• [Aim of the exercise]
Each line with the string "your" is to be copied from the records below.

• [Provided data]

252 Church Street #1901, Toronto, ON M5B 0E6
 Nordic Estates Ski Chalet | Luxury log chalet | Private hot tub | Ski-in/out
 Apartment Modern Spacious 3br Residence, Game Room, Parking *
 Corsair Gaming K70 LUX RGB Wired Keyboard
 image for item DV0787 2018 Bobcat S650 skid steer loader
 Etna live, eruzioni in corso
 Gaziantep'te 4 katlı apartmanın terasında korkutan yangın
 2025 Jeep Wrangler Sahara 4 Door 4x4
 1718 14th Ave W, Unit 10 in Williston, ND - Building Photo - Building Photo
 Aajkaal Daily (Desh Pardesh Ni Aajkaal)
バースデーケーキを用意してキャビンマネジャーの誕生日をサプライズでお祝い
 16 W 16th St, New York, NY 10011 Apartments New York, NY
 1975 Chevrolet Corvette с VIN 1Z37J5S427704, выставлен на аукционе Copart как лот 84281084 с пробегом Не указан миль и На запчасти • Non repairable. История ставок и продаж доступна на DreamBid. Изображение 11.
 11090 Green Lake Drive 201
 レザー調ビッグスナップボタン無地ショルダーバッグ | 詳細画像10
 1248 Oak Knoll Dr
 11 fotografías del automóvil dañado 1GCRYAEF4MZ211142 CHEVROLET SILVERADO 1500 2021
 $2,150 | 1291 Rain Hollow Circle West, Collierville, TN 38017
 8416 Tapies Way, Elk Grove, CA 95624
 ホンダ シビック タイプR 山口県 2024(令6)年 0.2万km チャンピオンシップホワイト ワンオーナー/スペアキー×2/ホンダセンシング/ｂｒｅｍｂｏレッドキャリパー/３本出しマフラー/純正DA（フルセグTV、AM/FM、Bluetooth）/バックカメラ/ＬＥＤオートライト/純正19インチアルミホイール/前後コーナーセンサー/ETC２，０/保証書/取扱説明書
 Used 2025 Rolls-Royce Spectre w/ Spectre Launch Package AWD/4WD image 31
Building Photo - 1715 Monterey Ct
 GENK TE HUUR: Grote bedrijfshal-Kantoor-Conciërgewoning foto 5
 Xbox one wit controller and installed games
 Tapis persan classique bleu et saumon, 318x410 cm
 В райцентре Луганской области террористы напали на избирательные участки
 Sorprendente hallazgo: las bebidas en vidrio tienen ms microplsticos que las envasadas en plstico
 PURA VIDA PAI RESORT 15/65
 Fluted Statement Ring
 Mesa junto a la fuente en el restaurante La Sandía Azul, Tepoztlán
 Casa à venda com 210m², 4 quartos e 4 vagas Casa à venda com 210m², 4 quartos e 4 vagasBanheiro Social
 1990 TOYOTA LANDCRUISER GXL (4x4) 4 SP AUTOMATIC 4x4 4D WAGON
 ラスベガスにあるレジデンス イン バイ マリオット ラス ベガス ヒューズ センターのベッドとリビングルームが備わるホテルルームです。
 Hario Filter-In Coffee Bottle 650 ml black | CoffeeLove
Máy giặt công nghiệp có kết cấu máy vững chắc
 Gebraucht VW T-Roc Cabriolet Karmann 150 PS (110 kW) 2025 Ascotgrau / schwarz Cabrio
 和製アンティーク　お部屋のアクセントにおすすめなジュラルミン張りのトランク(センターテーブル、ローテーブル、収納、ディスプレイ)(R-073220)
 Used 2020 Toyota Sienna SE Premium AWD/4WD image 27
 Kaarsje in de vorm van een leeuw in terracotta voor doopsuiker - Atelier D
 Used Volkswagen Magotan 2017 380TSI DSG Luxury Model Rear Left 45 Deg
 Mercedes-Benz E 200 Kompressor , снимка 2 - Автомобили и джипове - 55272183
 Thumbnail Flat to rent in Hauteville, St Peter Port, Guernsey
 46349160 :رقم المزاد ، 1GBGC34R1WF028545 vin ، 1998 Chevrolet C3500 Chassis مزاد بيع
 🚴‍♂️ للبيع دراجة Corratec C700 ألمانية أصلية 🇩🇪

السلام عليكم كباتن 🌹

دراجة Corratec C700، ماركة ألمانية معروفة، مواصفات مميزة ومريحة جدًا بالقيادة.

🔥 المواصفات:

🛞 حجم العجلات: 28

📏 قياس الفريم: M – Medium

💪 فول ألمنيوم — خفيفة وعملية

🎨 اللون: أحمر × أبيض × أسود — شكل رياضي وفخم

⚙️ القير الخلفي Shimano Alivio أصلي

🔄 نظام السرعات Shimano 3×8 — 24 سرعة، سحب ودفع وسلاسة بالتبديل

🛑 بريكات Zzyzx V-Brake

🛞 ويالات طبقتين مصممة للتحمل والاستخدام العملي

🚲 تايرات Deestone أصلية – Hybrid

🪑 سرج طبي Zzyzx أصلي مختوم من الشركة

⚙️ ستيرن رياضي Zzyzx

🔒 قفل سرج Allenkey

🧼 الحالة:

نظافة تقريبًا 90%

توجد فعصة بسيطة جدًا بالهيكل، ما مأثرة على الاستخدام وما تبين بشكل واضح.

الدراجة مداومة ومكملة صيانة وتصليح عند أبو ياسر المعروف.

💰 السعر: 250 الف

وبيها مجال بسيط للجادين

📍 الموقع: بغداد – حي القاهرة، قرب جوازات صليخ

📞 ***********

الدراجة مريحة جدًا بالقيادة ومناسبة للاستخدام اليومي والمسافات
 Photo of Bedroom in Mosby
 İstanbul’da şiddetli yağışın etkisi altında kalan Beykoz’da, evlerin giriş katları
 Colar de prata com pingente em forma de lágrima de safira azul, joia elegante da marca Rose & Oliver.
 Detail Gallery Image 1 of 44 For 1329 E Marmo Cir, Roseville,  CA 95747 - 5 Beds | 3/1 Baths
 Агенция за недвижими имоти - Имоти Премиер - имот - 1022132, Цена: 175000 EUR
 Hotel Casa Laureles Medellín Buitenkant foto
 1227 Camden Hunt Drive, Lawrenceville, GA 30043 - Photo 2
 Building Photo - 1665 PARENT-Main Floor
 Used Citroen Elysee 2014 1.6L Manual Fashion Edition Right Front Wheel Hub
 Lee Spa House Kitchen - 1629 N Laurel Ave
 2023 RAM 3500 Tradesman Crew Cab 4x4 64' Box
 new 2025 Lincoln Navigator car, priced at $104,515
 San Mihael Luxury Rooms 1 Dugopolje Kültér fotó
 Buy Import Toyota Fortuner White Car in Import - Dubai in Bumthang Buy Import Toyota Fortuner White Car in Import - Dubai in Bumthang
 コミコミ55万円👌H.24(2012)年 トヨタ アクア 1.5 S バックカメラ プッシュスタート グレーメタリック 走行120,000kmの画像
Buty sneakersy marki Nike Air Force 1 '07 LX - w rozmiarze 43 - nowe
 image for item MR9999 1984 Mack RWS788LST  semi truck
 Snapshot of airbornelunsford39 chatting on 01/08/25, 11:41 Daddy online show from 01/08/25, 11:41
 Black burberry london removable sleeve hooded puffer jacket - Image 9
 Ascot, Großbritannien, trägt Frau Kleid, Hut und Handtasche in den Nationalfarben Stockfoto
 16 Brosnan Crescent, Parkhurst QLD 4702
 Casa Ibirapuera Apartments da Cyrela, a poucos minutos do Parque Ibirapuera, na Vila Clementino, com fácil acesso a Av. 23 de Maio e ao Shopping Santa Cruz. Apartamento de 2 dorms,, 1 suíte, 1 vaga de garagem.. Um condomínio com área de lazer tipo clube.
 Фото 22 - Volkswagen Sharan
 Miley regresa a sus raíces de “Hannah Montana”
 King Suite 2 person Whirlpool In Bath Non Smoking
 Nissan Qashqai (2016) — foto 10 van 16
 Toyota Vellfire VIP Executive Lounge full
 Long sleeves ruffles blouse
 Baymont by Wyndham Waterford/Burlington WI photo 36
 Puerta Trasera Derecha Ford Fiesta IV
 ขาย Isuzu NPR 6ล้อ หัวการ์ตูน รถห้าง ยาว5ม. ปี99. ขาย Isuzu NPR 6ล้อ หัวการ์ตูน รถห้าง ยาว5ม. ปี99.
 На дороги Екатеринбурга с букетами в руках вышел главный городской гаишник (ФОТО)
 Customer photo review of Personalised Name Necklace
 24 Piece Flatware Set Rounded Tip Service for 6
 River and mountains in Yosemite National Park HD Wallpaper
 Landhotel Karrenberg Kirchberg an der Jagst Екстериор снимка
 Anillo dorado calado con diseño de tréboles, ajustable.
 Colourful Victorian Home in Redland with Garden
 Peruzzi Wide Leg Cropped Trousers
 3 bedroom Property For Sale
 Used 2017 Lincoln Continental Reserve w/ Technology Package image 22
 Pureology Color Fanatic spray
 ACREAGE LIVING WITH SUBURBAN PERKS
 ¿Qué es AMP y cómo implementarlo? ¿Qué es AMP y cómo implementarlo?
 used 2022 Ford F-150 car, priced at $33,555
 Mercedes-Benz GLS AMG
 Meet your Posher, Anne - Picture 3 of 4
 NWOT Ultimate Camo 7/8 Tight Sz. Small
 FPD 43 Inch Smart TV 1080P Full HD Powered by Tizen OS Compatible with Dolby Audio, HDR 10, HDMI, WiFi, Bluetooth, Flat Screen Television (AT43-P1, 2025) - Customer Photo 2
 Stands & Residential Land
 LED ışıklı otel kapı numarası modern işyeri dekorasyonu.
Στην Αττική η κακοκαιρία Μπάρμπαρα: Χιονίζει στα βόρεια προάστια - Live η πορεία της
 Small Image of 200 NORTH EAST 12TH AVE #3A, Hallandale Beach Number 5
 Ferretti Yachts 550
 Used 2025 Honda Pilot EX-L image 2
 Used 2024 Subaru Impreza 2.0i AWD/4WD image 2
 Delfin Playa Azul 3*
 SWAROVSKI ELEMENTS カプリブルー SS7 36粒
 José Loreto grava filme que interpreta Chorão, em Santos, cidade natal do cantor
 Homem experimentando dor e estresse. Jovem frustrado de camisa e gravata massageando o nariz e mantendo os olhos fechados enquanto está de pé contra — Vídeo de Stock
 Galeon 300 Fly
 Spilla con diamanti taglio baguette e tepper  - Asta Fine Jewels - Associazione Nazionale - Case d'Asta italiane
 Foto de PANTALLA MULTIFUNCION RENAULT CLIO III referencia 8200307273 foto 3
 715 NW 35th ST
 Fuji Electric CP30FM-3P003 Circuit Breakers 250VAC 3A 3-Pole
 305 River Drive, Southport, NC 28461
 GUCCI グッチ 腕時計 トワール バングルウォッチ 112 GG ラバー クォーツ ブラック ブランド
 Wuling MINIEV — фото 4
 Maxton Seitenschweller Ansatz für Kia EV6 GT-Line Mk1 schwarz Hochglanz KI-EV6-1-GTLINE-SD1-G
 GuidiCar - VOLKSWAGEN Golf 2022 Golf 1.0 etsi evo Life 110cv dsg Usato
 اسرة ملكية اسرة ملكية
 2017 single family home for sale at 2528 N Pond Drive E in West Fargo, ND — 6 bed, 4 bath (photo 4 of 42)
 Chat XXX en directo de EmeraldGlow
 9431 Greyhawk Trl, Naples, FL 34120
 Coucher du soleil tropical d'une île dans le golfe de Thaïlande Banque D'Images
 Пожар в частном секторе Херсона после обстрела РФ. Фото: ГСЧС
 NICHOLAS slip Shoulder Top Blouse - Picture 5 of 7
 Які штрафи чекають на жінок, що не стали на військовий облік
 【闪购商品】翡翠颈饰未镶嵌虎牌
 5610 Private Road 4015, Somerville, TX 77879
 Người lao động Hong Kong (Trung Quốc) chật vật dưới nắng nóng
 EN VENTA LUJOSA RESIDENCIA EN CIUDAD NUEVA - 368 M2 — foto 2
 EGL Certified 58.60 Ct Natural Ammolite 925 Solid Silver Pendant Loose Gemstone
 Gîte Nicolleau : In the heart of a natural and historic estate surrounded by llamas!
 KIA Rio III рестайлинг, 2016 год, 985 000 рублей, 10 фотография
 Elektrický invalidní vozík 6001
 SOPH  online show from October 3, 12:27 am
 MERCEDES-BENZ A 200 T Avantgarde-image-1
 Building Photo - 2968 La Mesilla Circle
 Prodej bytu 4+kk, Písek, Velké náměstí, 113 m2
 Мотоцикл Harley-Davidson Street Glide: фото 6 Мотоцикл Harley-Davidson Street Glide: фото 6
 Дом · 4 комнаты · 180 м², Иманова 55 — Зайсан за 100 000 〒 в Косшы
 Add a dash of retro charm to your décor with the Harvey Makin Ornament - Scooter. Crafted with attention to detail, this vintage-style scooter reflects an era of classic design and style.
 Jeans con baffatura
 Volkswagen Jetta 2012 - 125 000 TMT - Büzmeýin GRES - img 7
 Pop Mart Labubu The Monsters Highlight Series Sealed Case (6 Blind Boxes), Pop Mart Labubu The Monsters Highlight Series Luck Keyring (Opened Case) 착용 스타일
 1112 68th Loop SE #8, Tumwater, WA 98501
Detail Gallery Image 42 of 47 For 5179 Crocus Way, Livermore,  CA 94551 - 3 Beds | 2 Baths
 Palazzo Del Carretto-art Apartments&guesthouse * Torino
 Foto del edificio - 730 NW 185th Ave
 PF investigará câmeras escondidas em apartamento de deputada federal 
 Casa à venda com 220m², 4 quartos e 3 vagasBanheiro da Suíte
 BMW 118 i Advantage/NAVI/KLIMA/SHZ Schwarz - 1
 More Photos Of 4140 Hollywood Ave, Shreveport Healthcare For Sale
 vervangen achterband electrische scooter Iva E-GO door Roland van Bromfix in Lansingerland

• [Completed exercise]
 Meet your Posher, Anne - Picture 3 of 4
 Add a dash of retro charm to your décor with the Harvey Makin Ornament - Scooter. Crafted with attention to detail, this vintage-style scooter reflects an era of classic design and style.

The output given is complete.